WHAT YOU HAVE TO DO: Transcribe all of the data exactly. Images stay out.

THE DATA:
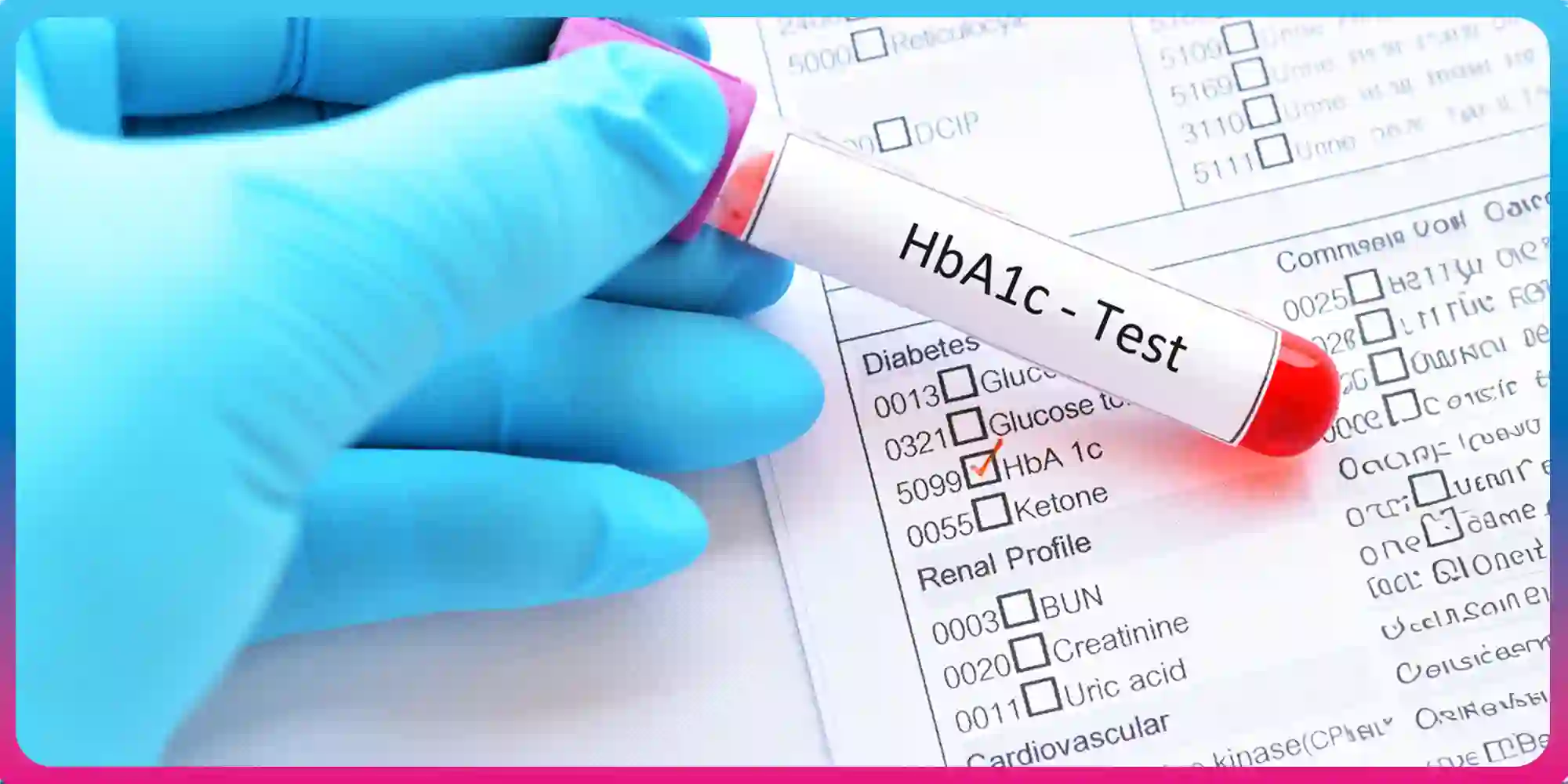 HbA1c Test Guide
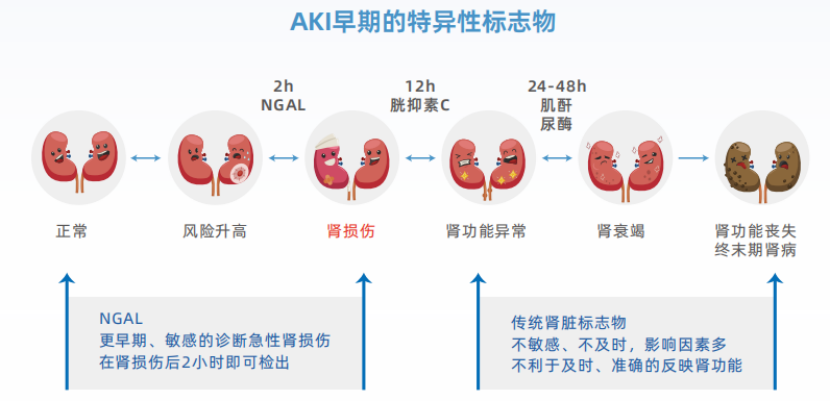 NGAL：中文名記不住，要記住這些臨床價值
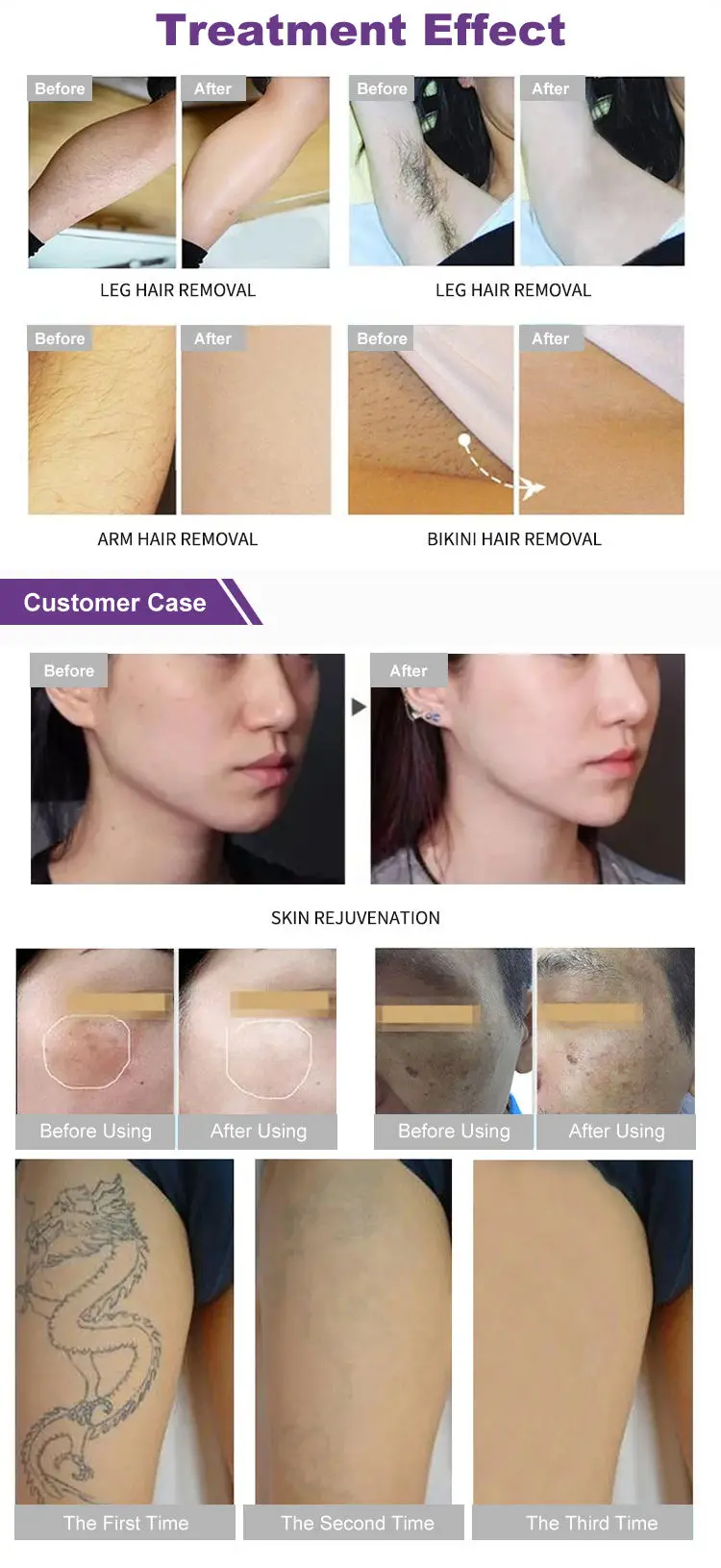 Professional 2 In1 808nm Diode Hair Removal Skin Rejuvenation YAG Lasers Tattoo Removal Machine view 6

RESPONSE FOR THIS EXERCISE:
 HbA1c Test Guide
 NGAL：中文名記不住，要記住這些臨床價值
 Professional 2 In1 808nm Diode Hair Removal Skin Rejuvenation YAG Lasers Tattoo Removal Machine view 6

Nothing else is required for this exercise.